- **Your objective**
As the answer, give exactly the lines of the records below from the one with "Atlas Series - 17&quot;" through the one with "Sony 50mm f1.8 oss", ends included and pictures left out.

┌──

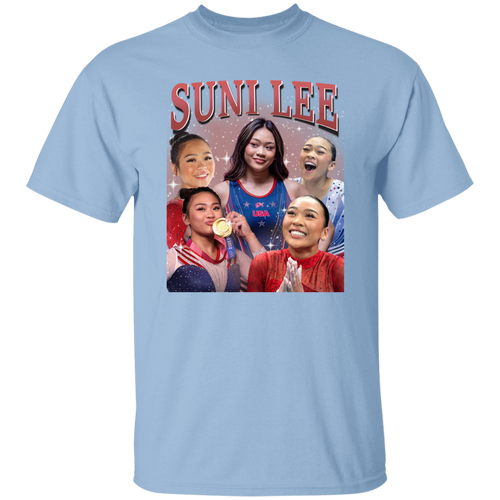 Suni Lee Bootleg  T-Shirt - ID08082413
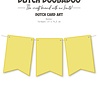 Dutch Doobadoo Happy Easter Card Art A5 Banner (470.784.367) (OUTLET)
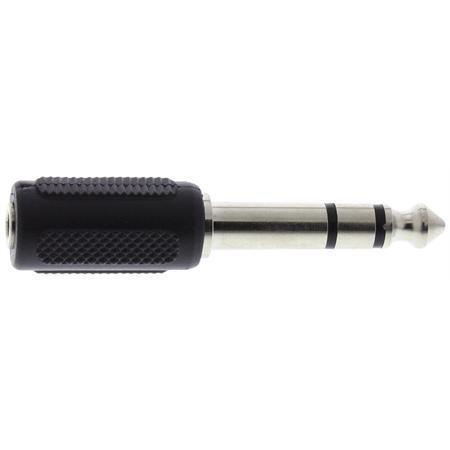 MCM 27-010 3.5mm Female to 1/4&quot; Male Stereo Adapter 98B8695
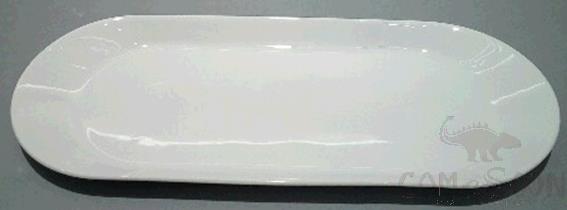 Atlas Series - 17&quot; Round Rectangular Plate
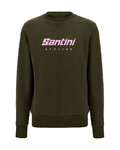 SANTINI Bluza - BRAND - zielony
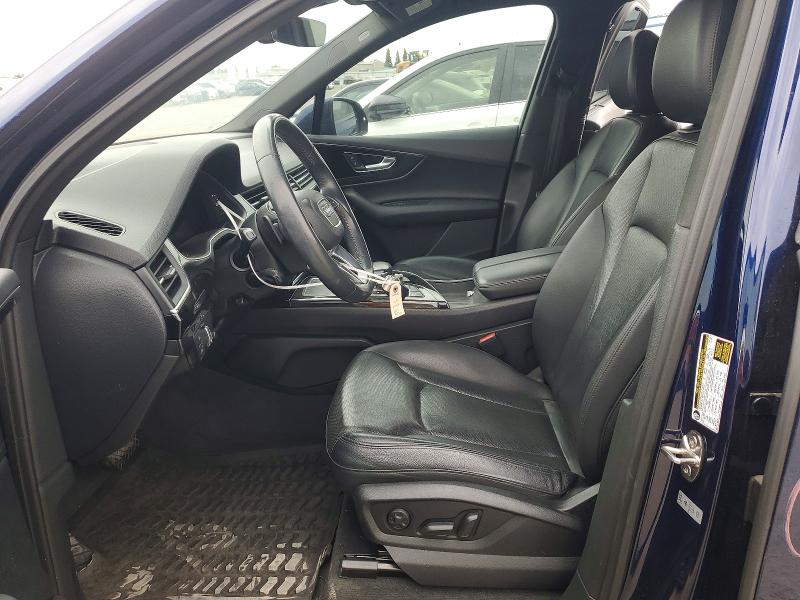 Foto 7 de la subasta – 2019 AUDI Q7 con VIN WA1LAAF7XKD049281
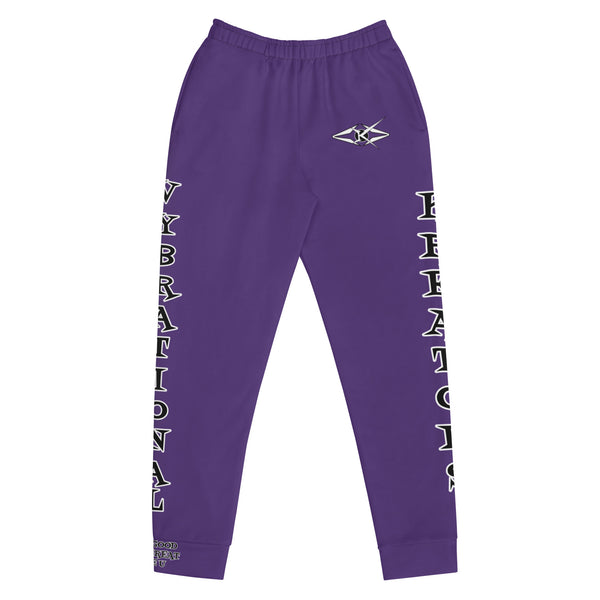 ECO LUXE PURPLE JOGGERS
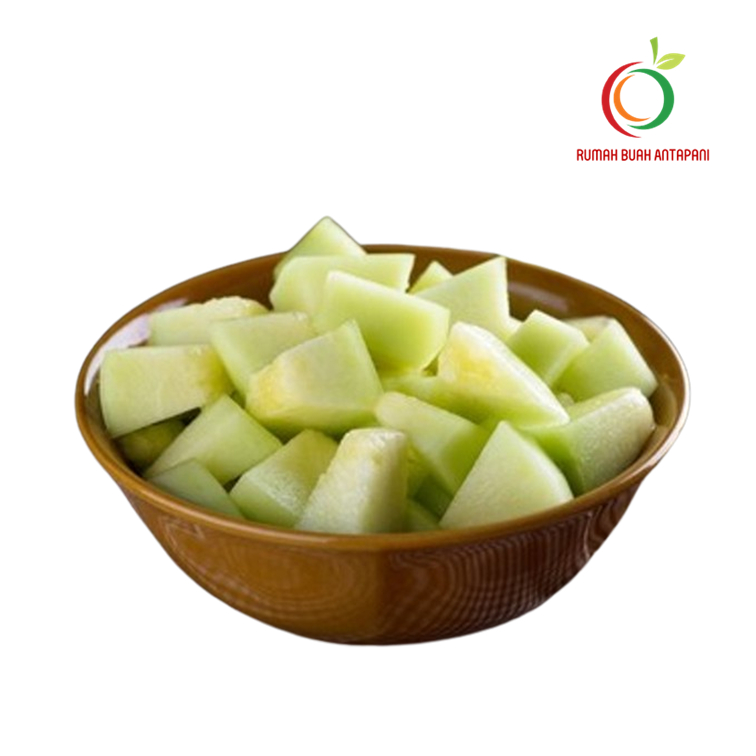 

Melon Hijau Potong Segar (dipotong mendadak)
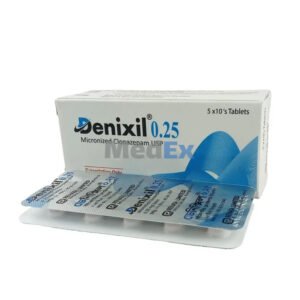 Denixil Tablet 0.25 mg – Clonazepam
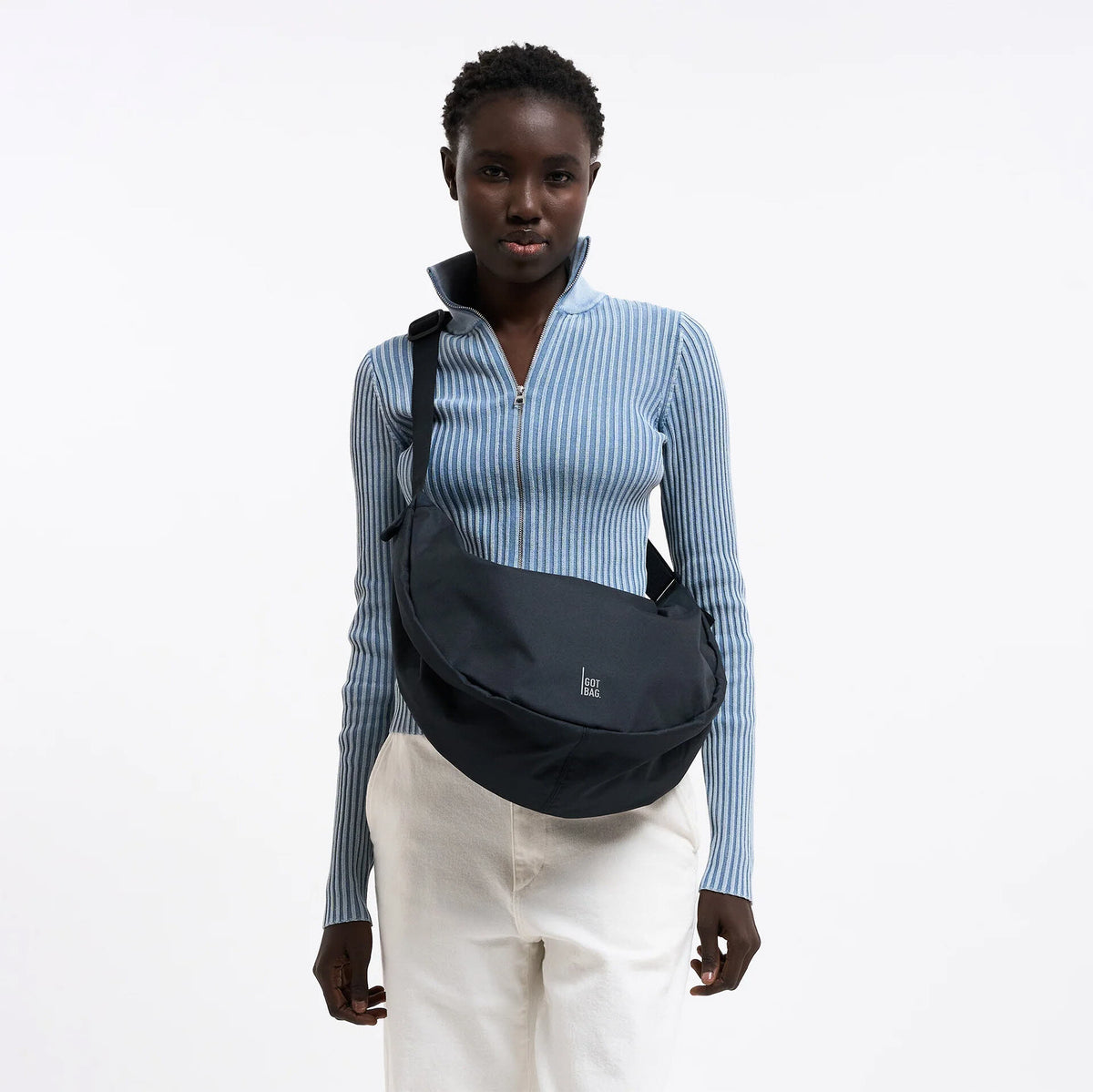 Moonbag Large MONOCHROME black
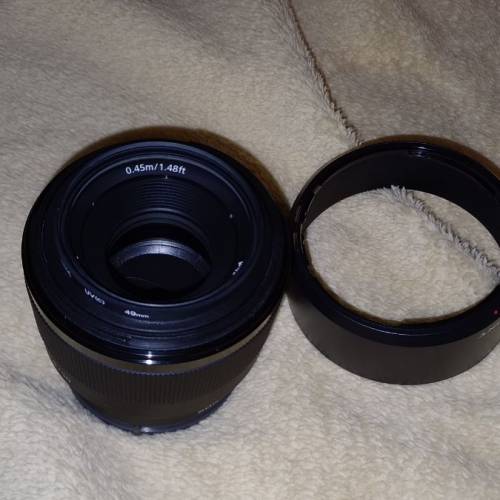 Sony 50mm f1.8 oss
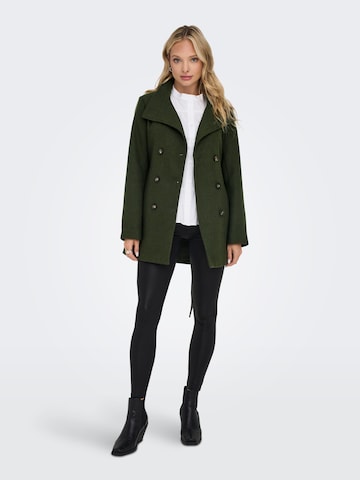 Cappotto di mezza stagione 'MEDINA' di ONLY in verde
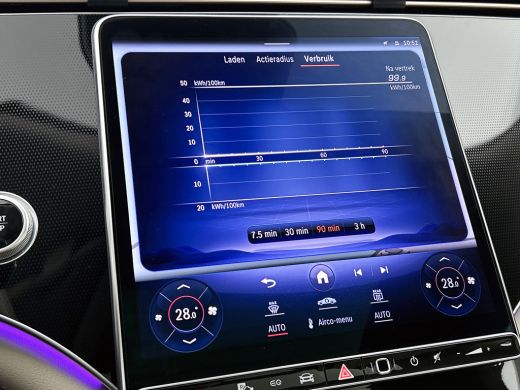 Mercedes-Benz EQS 350 Business Plus Line 90 kWh / Panorama-Schuifdak / Leder-Comfort / Xenon / Radio multimedia / A... ActivLease financial lease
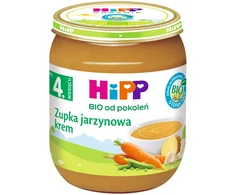 HiPP BIO Kreminė daržovių sriuba 125g po 4 mėn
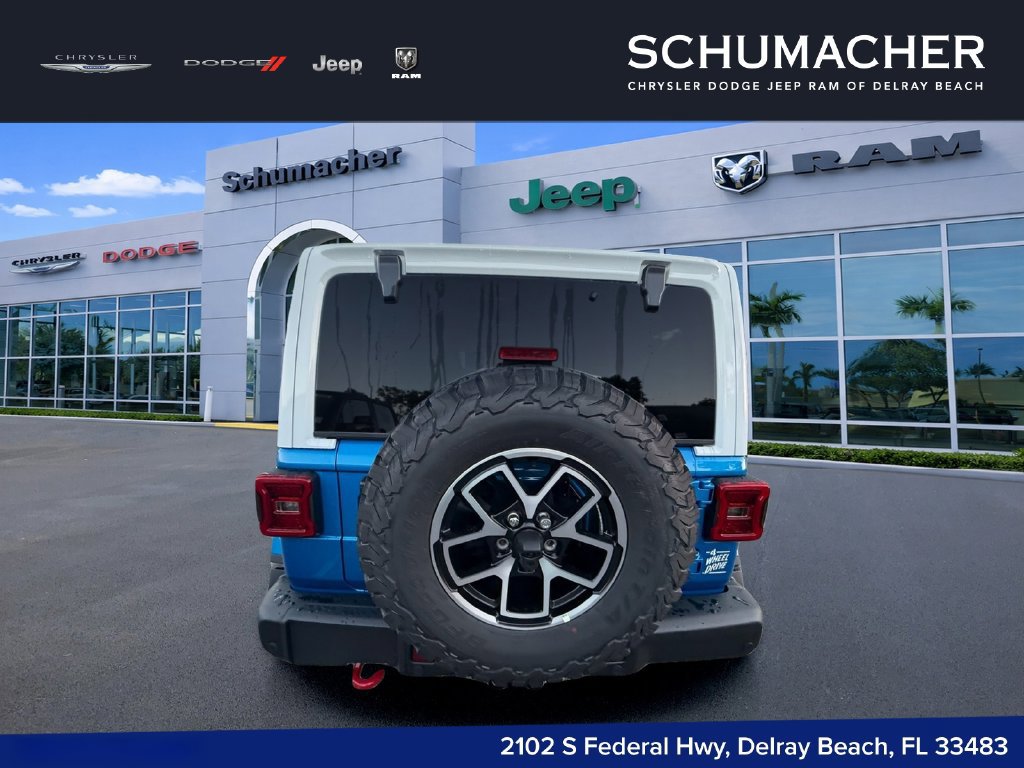 New 2027 Jeep Wrangler Unlimited Rubicon AWD/4WD image 5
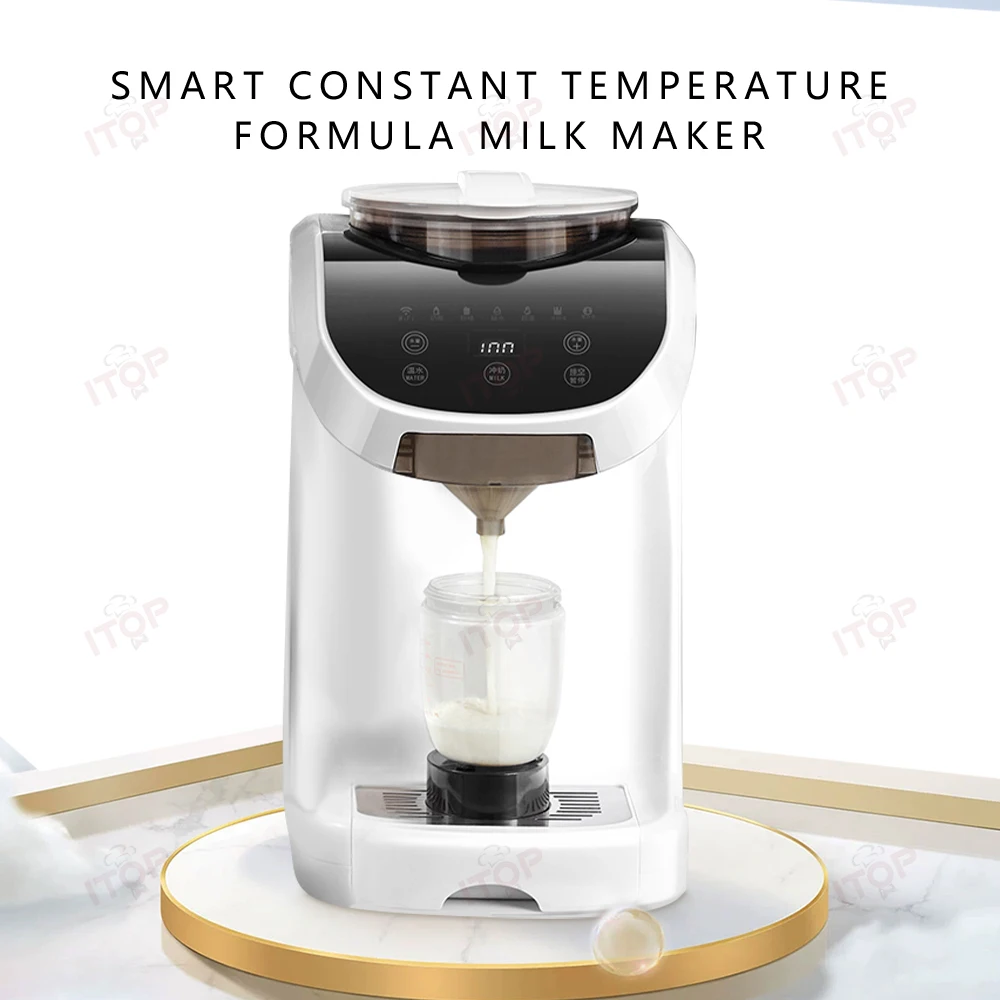 Dispenser Formula Bayi/Pembuat Susu Otomatis Dengan Tampilan Kontrol Aplikasi Ml Dan C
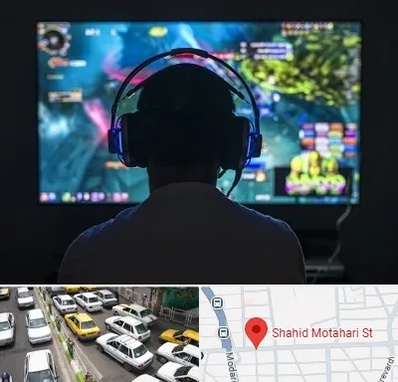 گیم نت در مطهری تهران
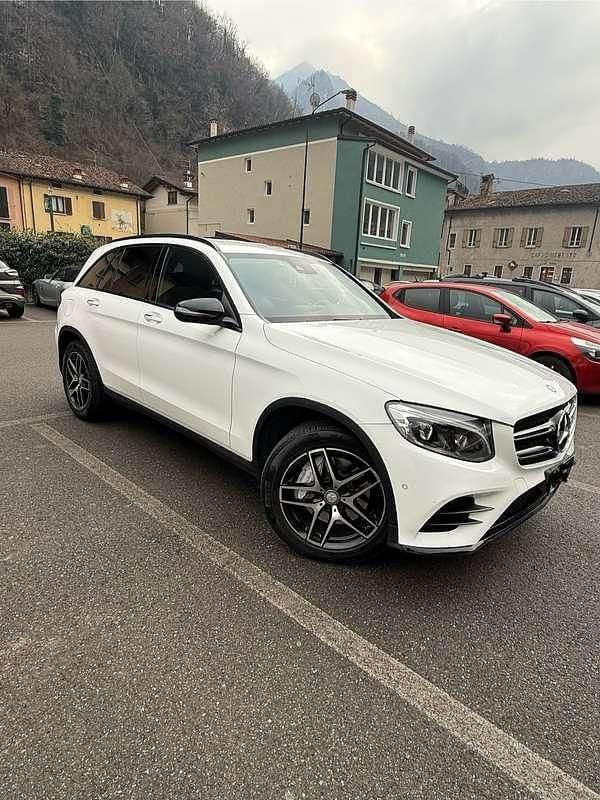 Usata Mercedes GLC220 Premium 170 CV (125 kW) 2016 Bianco SUV
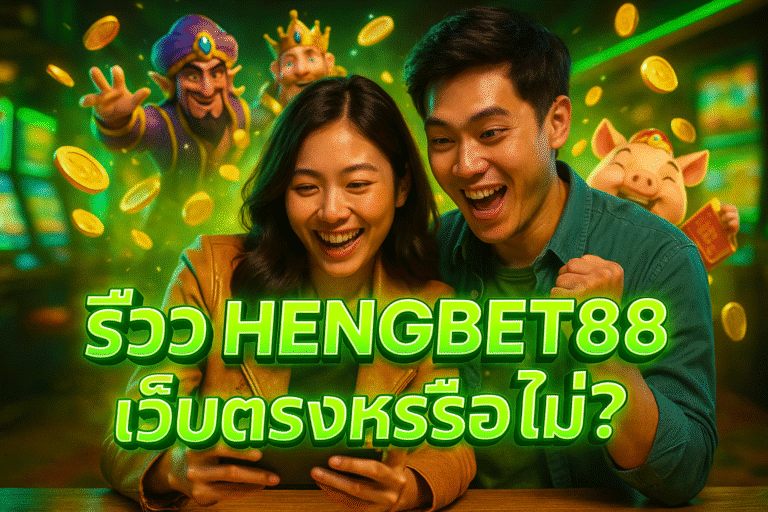 รีวิว HENGBET88 เว็บตรงหรือไม่?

└──

- **Solution to this problem**
 Atlas Series - 17&quot; Round Rectangular Plate
 SANTINI Bluza - BRAND - zielony
 Foto 7 de la subasta – 2019 AUDI Q7 con VIN WA1LAAF7XKD049281
 ECO LUXE PURPLE JOGGERS

Melon Hijau Potong Segar (dipotong mendadak)
 Denixil Tablet 0.25 mg – Clonazepam
 Moonbag Large MONOCHROME black
 Sony 50mm f1.8 oss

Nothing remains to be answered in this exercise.